This notebook describes and demonstrates various methods of applying CCA to convolutional layers.
In [9]:
import os, sys
from matplotlib import pyplot as plt
%matplotlib inline
import time
import numpy as np
import pickle
import pandas
import gzip
sys.path.append("..")
import cca_core
In [3]:
def _plot_helper(arr, xlabel, ylabel):
plt.plot(arr, lw=2.0)
plt.xlabel(xlabel)
plt.ylabel(ylabel)
plt.grid()
In the introduction tutorial, we looked at a simple way of thinking of neural network representations (neurons as activation vectors and layers as subspaces) and the applicability of CCA as way to analyze these representations.
Convolutional layers have a different structure, and require a slightly different application of CCA. In the original paper, we had proposed using a Discrete Fourier Transform to speed up computations for convolutional layers.
Since then, we've identified methods that are even simpler to use when applying CCA to Convolutional layers.

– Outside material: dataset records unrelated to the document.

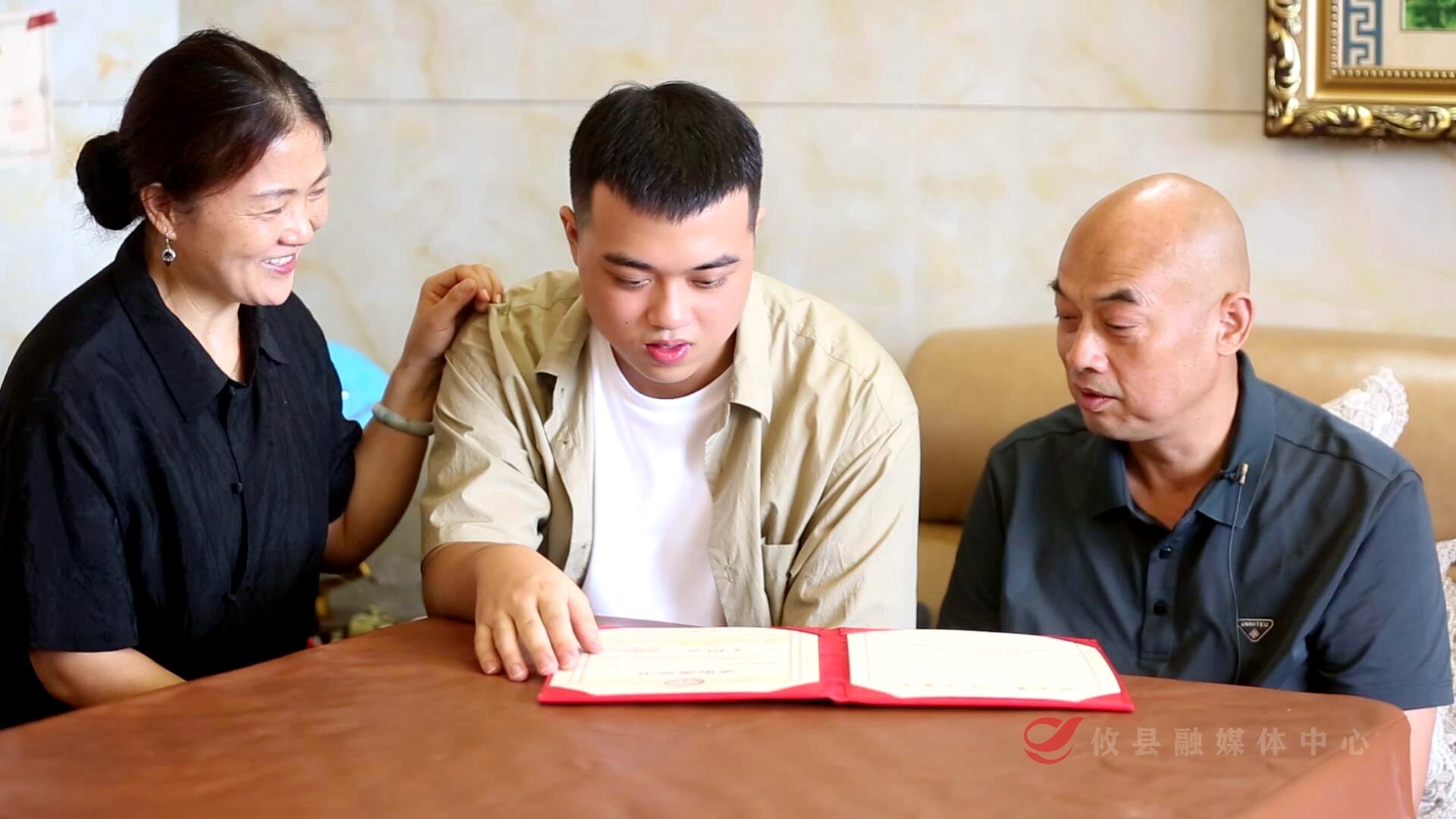 “你们是这个大学形态的创建者”   福耀科技大学首届首批首位录取生   “福耀0001”花落攸县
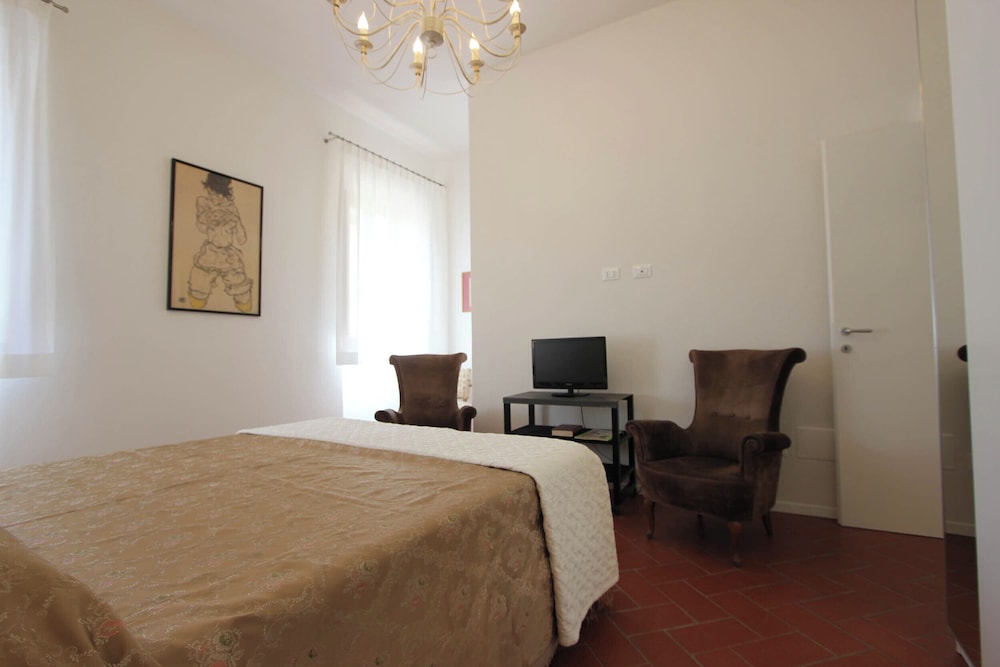 Marsili Suite
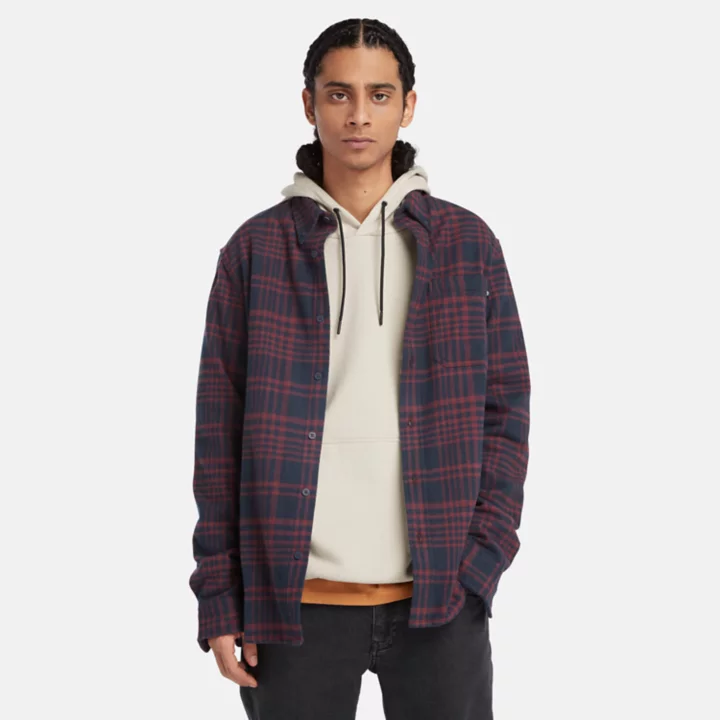 Camisa xadrez de flanela grossa para homem na cor bordô.
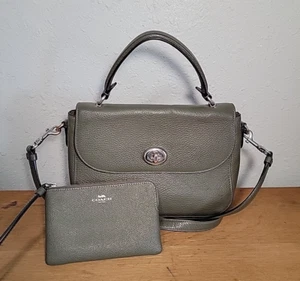 Vintage olivgrüne Coach Umhängetasche oder Top Handle Handtasche mit Handgelenktasche - Bild 1 von 11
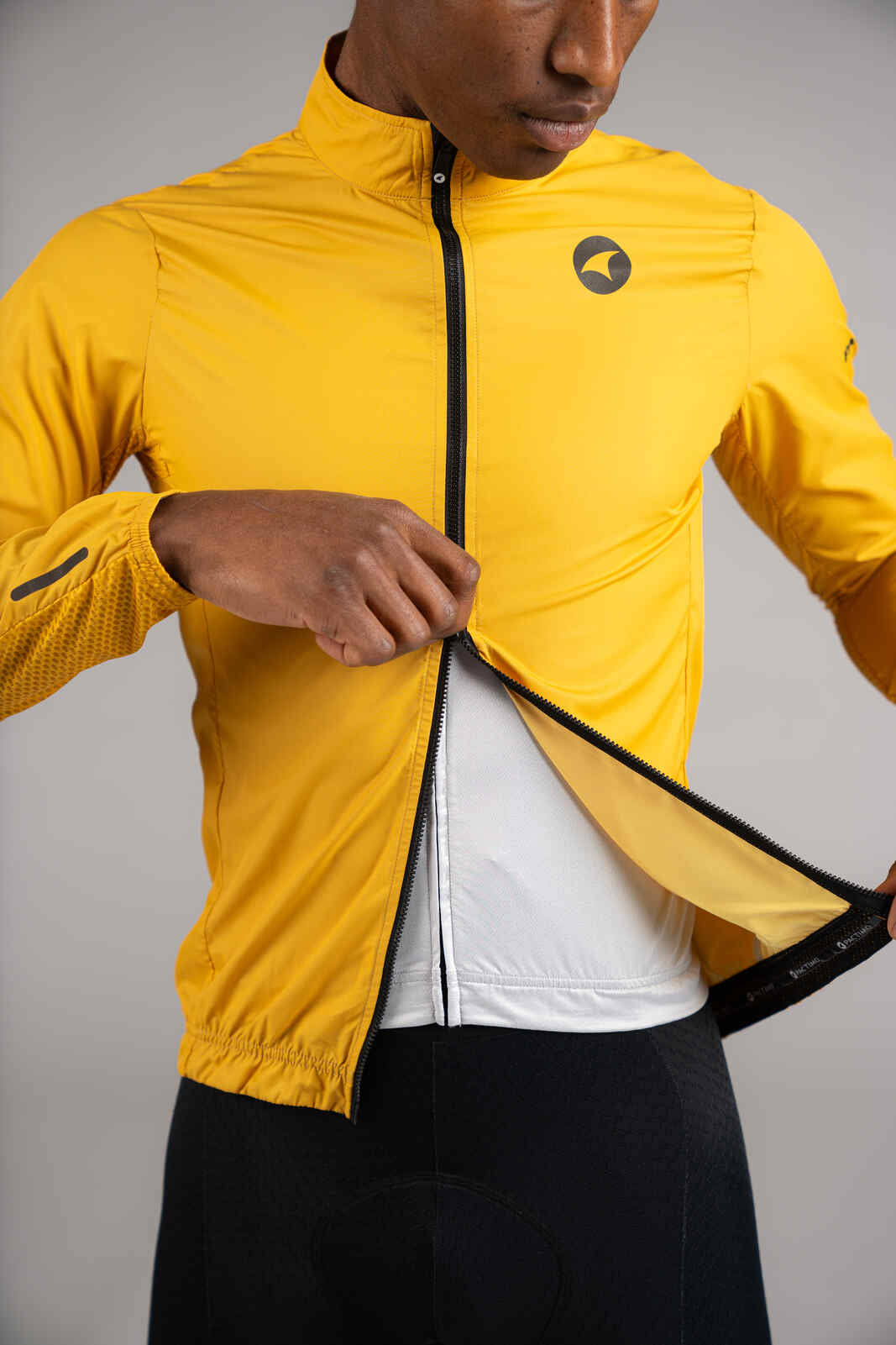 Men's Packable Golden Yellow Cycling Wind Jacket - Two-Way Zipper Close-Up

We'll work through some of these methods using a CNN for SVHN.
First, a quick recap on convolutional layers.
(Picture Source: an excellent tutorial on conv nets.)

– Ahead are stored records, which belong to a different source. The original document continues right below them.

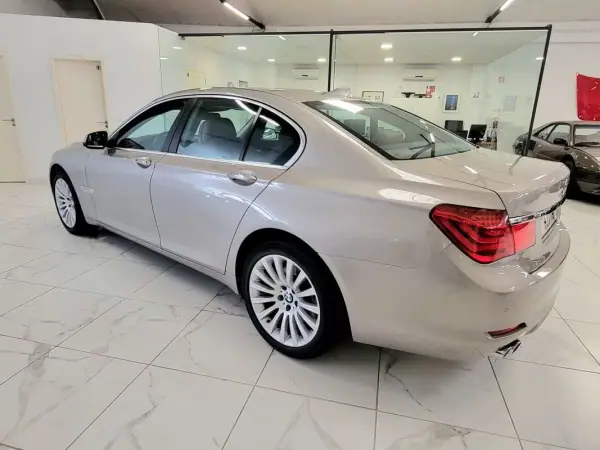 BMW 730 2009 - 23500 EUR, 107760 km - AUTO.MOTO.pt - 107760km - foto 9 de 54
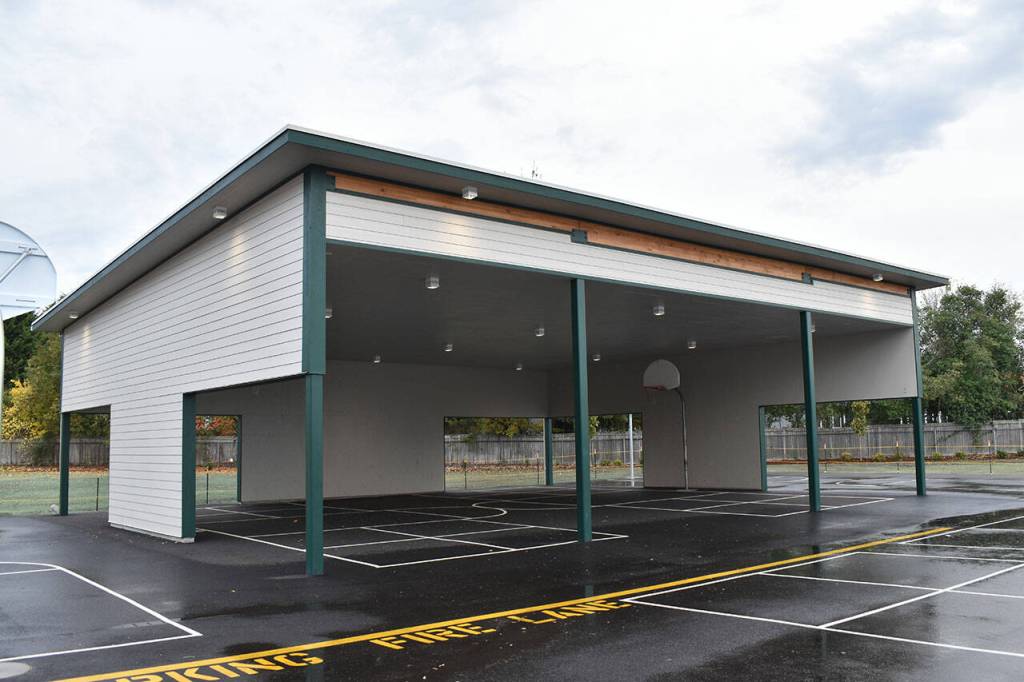 A new covered space at Foothills Elementary features basketball hoops and ceiling lights. Photo by Alex Bruell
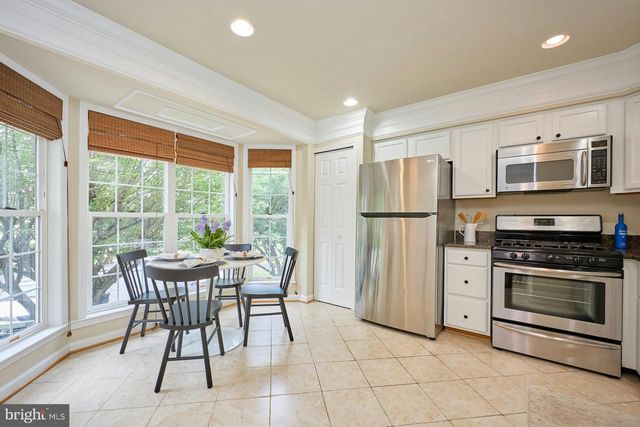8310 EWING PL, Manassas, VA 20109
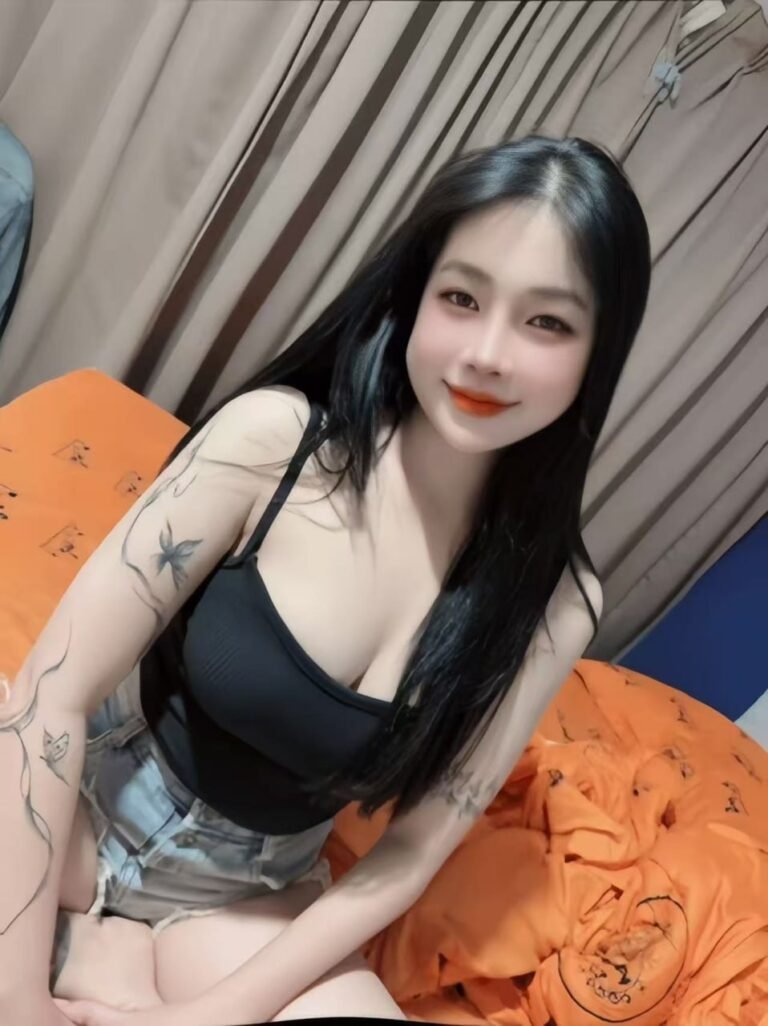 Mina 21yo - Vietnamese KUCHAI LAMA Escort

As shown above, conv nets have a 3D structure, (height, width, num_channels). The height, width are sometimes called the spatial dimensions of the layer. Parameters are shared across the spatial dimensions, so the degrees of freedom of the conv layer come from the number of channels it has.
As a result, we'll want to compare the the similarity of two conv layers by comparing across channels.
SVHN consists of images that are 32 x 32 (height 32, width 32). Our architecture looks like:
conv1(3x3,32 channels)-->maxpool(2x2)-->conv2(3x3,64 channels)-->maxpool(2x2)-->batchnorm-->fc(200)-->fc(10)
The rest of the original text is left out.